Medal-Winning NYC Athlete Returns Home to Cheers
Friday, August 10, 2012
Kids waving tiny American flags and holding paper and tin foil Olympic torches packed into the bleachers surrounding the steamy, sprawling Asphalt Green swimming pool to welcome Olympian Lia Neal back to New York.
Wearing her bronze medal and Team USA jacket, she entered the pool area, where she trains throughout the year, to chants of “USA."
Her parents were by her side, as was Mayor Michael Bloomberg. “Lia was just incredible in London,” Bloomberg said to the crowd. “She swam a leg of the 4 x 100 in a spectacular 54.56 seconds.”

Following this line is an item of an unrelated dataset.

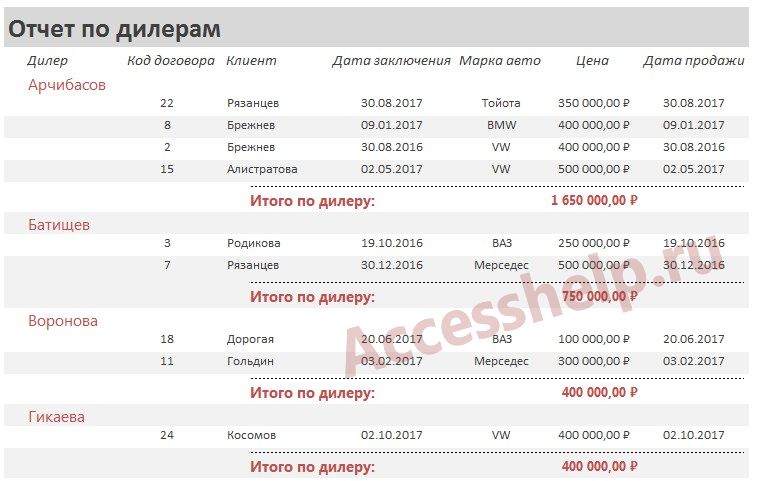 База данных Access Продажа подержанных автомобилей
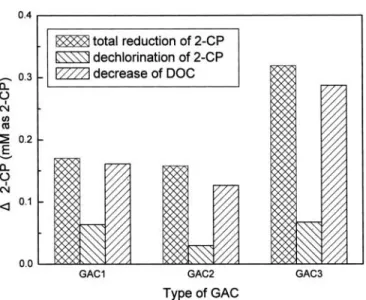 Figure 7. Total change of 2-CP and DOC in presence of activated carbons. (experimental condition: GAC ¼ 0.5 g/L; [2-CP] 0 ¼ 1.13 mM; [H 2 O 2 ] 0 ¼ 20 mM; Temp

Neal, a sprinter, has been setting records at this Asphalt Green pool since she was 10 years old. “This is kind of overwhelming for all the best reasons,” the shy 17-year-old athlete said. “I’m just so lucky to have all of your support and I’m just so happy you guys are here to share this moment with me.”

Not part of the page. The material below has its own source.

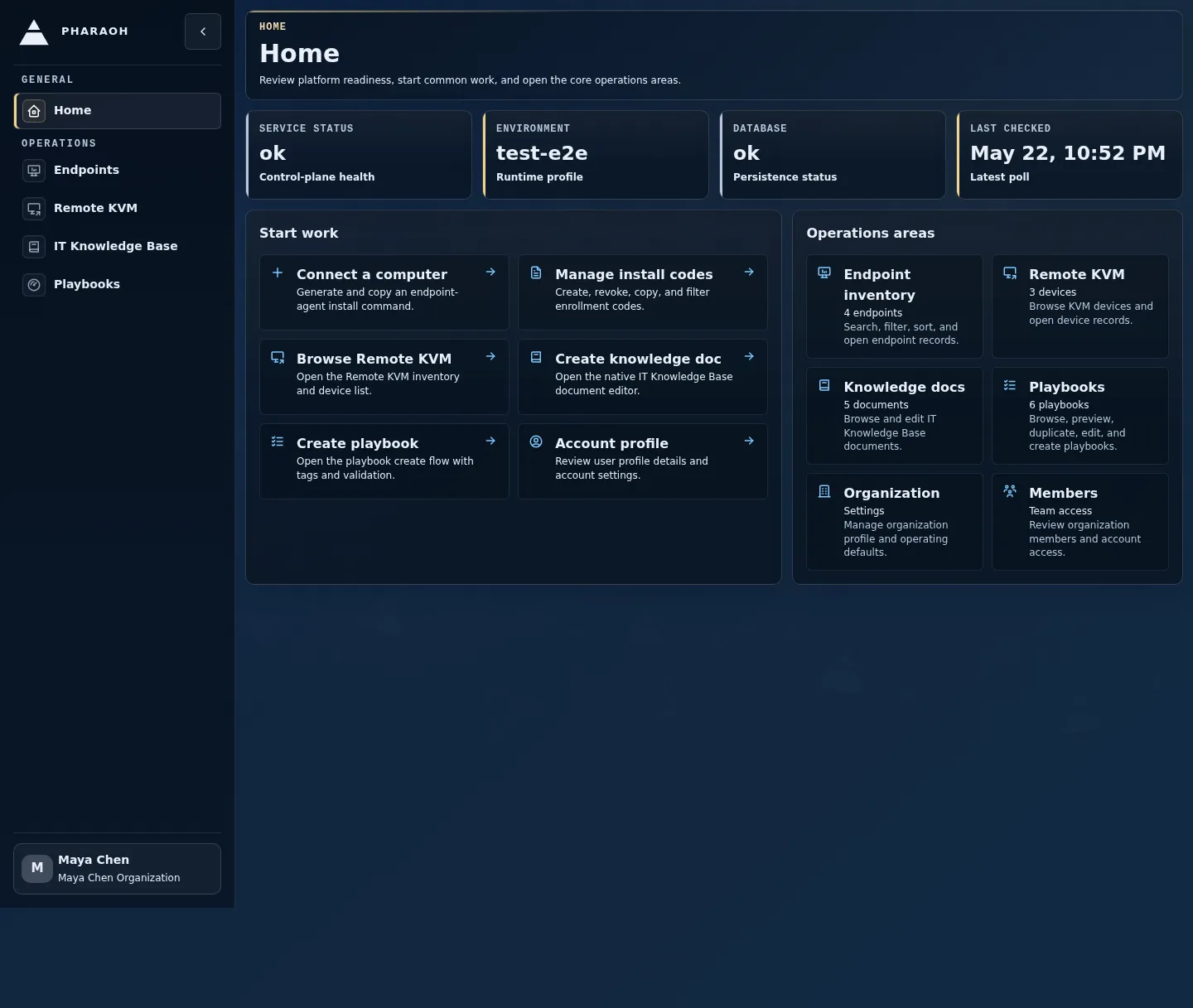 Authenticated Pharaoh home screen with the shell navigation and Operations Snapshot card visible.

Brooklyn Borough President Marty Markowitz, who was also at Asphalt Green to welcome her home, said, “Lia you did Brooklyn proud.”

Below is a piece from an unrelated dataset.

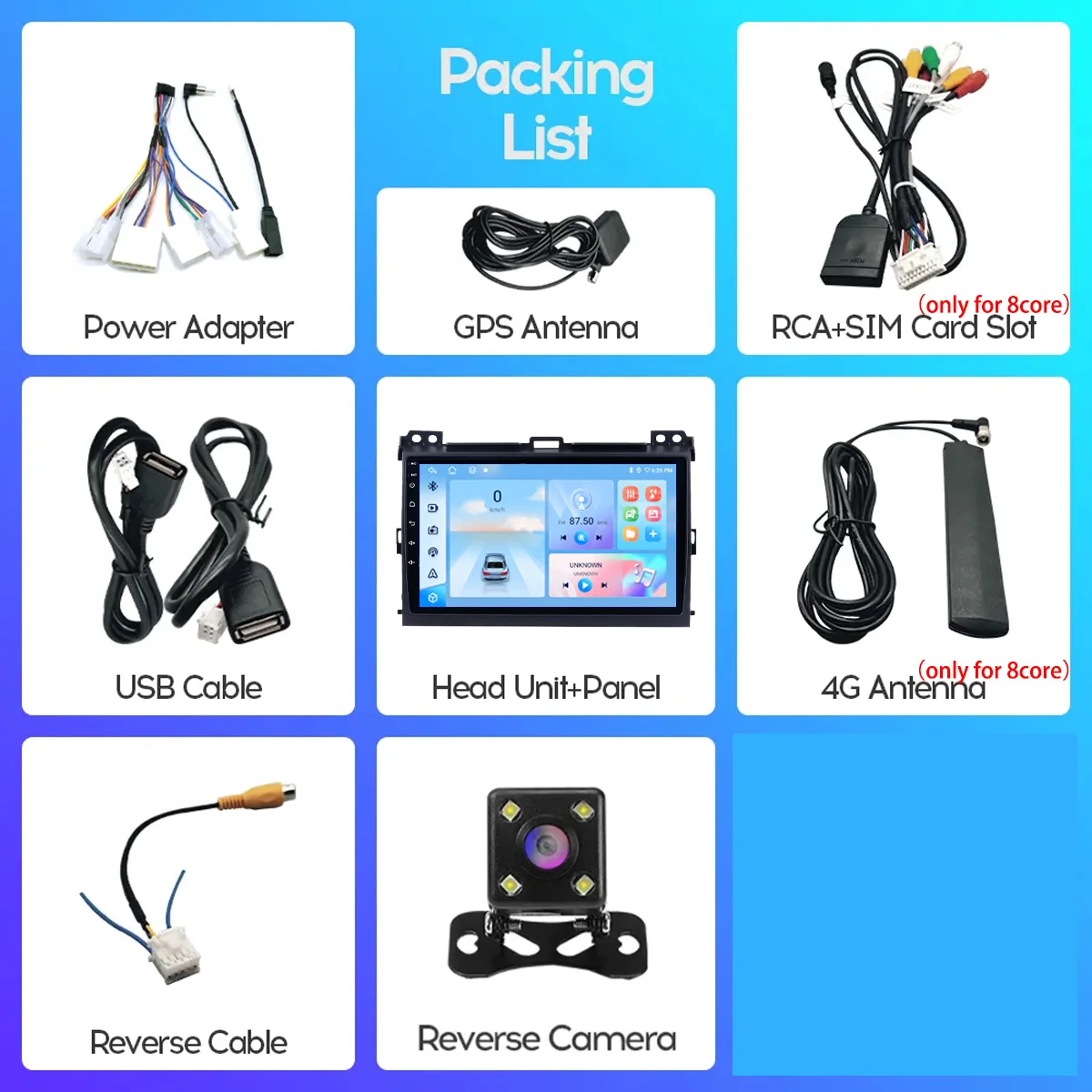 8Core Android 14 8G+128G For T - Audio Music India reseña y precio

Neal, who was swarmed by reporters, said she wasn’t nervous before her race. “I was so ready…I had been waiting for so long. This was the time to finally give it everything,” she said.
(Photo: Kids packed the bleachers of the pool area to celebrate Lia Neal's Olympic performance. Cindy Rodriguez/WNYC)
She didn’t start thinking about her place as only the second African-American female to make the Olympic swim team until recently. “But it is a pretty great honor,” she said. “It’s kind of like making history.”
It wasn’t just the politicians and the kids that feted her. Celebrities such as Spike Lee and Mike Tyson have been supporting the swimmer. “All of these teammates of mine on the Olympic team they were like ‘did you see Mike Tyson tweeted you, that’s pretty awesome,’” said Neal. “And I’m like yeah it is.”
But for Neal, the two people she praised where her parents. She broke down when she talked about the support her father, who is black, and her mother, who is Chinese, provided. “They don’t know how much they mean to me,” she said through tears.